[Catalog-sig] PyPI mirrors are all up to date

Tue Apr 17 00:48:05 CEST 2012

On 4/17/12 12:19 AM, "Martin v. Löwis" wrote:
> Am 17.04.2012 00:09, schrieb Tarek Ziadé:
>> On 4/16/12 11:57 PM, "Martin v. Löwis" wrote:
>>>> Maybe a better checksum would be a global hash calculated differently ?
>>> Define a protocol, and I present you with an implementation that
>>> conforms to the protocol, and still has inconsistent data, and not
>>> in a malicious manner, but due to bugs/race conditions/unexpected
>>> events. It's pointless.
>> if you calculate a checksum with all mirrored files - you can guarantee
>> that the bits are the same
>> on both side, no ?
> How exactly would you calculate that checksum?
by calculating the grand hash of each file hash.
>   Would you really require
> concatenation of all files?
I did not say that. You are claiming it in a rhetorical question.
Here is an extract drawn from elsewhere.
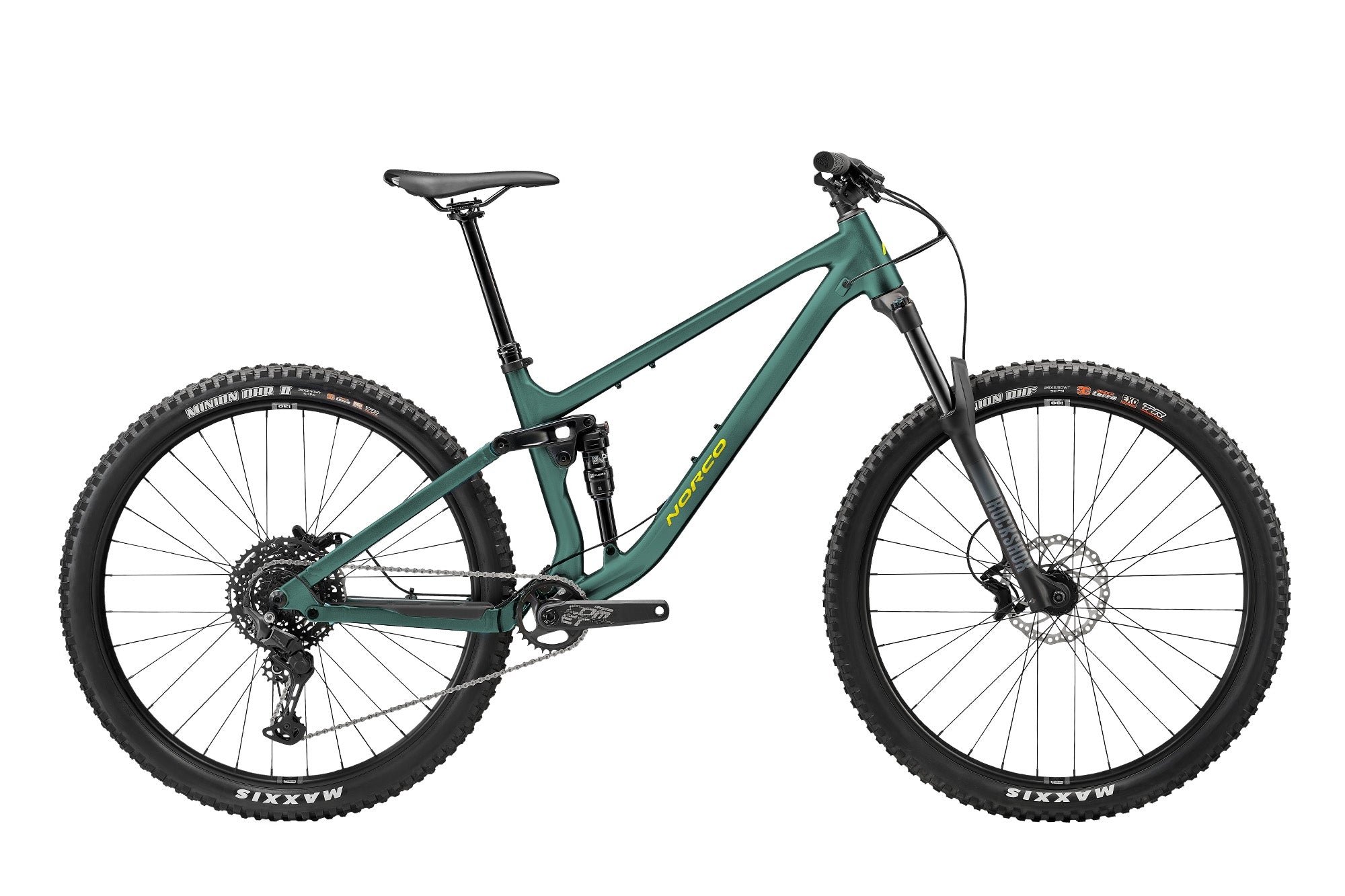 Norco 2025 Fluid Fs A3 29 Mountain Bike – Yarra Valley Cycles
> That could take a few hours per change.
why that ? you don't calculate the checksum of a file your already have 
twice.

Even if you do, it's very fast to call md5.

try it:

$ find mirror | xargs md5

this takes a few seconds at most on the whole mirror

> It
> would also raise the question in what order the files ought to be
> concatenated.
Anything reproductible, a sorted list.  In bash I *suspect* the 
calculation of the grand hash of the mirror is a one-liner that takes 
less than a minute.

I am going to stop here anyways because I don't see the point of 
discussing implementation details at this stage, since we were
barely starting to talk about the idea of a checksum - and that seems to 
be going nowhere.

Cheers
Tarek